Earlier this week, Xoliswa Ndoyiya, who has been Mr. Nelson Mandela’s head chef for almost 20 years, published a cookbook, containing recipes of his favorite foods. The cookbook is entitled, Ukutya Kwasekhaya, which means ‘Home Food’ in isiXhosa, Nelson’s first language.

Nelson Rolihlahla Mandela was born in Transkei, South Africa on July 18, 1918. He was actually born, Rolihlahla Dalibhunga, and was given his English name, Nelson, by a teacher at his school. In South Africa, he is often called by his clan name: "Madiba".
His father was Chief Henry Mandela of the Thembu Tribe and counsellor to the Thembu Royal Family . Educated at University College of Fort Hare, where he met his lifelong friend, Oliver Tambo, and the University of Witwatersrand, Nelson qualified in law in 1942. He joined the African National Congress (ANC) in 1943, first as an activist, then as the founder and president of the ANC Youth League.
A passionate man for his people, Nelson became engaged in resistance against the ruling Afrikaner National Party's apartheid policies, when the party won the election in 1948.  He continued his active participation in politics and led prominently in the ANC's 1952 Defiance Campaign and the 1955 Congress of the People, whose adoption of the Freedom Charter provided the fundamental basis of the anti-apartheid cause. During this time, Nelson and his friend, Oliver Tambo, set up South Africa’s first black law frim, Mandela and Tambo, providing free or low-cost legal counsel to many blacks who lacked attorney representation.
Nelson went on trial for treason from 1956-1961 and was acquitted in 1961.
After the banning of the ANC in 1960, Nelson argued for the setting up of a military wing within the ANC. In June 1961, the ANC executive considered his proposal on the use of violent tactics and agreed that those members who wished to involve themselves in Nelson's campaign would not be stopped from doing so by the ANC. This led to the formation of Umkhonto we Sizwe. Nelson was arrested in 1962 and sentenced to five years' imprisonment with hard labor. In 1963, when many fellow leaders of the ANC and the Umkhonto we Sizwe were arrested, Nelson was brought to stand trial with them for plotting to overthrow the government by violence. His statement from the dock received considerable international publicity. On June 12, 1964, eight of the accused, including Nelson, were sentenced to life imprisonment. From 1964 to 1982, he was incarcerated at Robben Island Prison, off Cape Town; thereafter, he was at Pollsmoor Prison, nearby on the mainland.
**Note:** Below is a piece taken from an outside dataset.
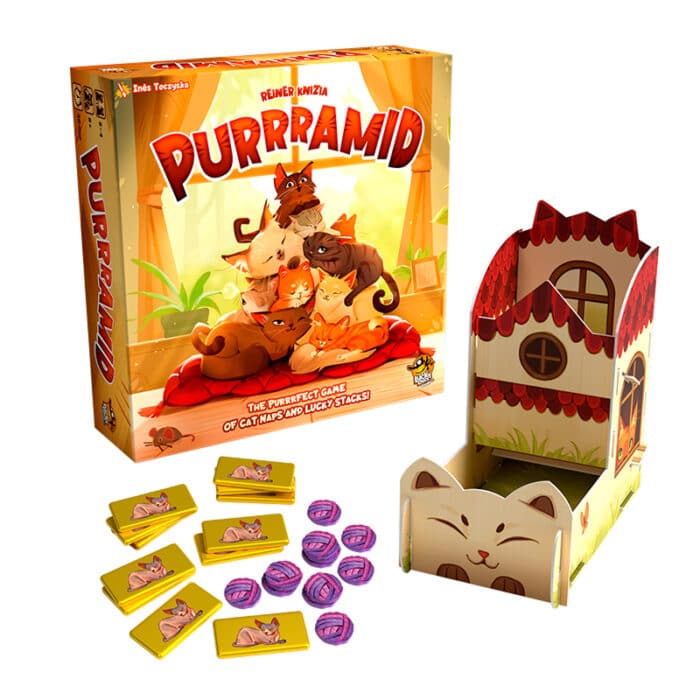 Purrramid (Eng) - Image 2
During his years in prison, Nelson Mandela's reputation steadily grew. He was widely accepted as the most significant black leader in South Africa and became a potent symbol of resistance as the anti-apartheid movement gathered strength. He consistently refused to compromise his political position to obtain his freedom.


Nelson Mandela was released from prison on February 11, 1990. After his release, he plunged himself wholeheartedly into his life's work, striving to attain the goals he and others had set out almost four decades earlier. In 1991, at the first national conference of the ANC held inside South Africa, after the organization had been banned in 1960, Mandela was elected President of the ANC, while his lifelong friend and colleague, Oliver Tambo, became the organization's National Chairperson. During the course of his presidency, a wide range of progressive social reforms were enacted by Nelson’s government, aimed at reducing long entrenched social and economic inequalities in South Africa.

Since his retirement, one of Nelson’s primary commitments has been to the fight against AIDS, which is so prevalent in Africa. He gave the closing address at the XIII International AIDS Conference in 2000, in Durban, South Africa. In 2003, he lent his support to the 46664 AIDS fundraising campaign, named after his prison number. Three charitable organizations associated with Nelson have been established: the Nelson Mandela Foundation, the Nelson Mandela Children's Fund, and the Mandela Rhodes Foundation.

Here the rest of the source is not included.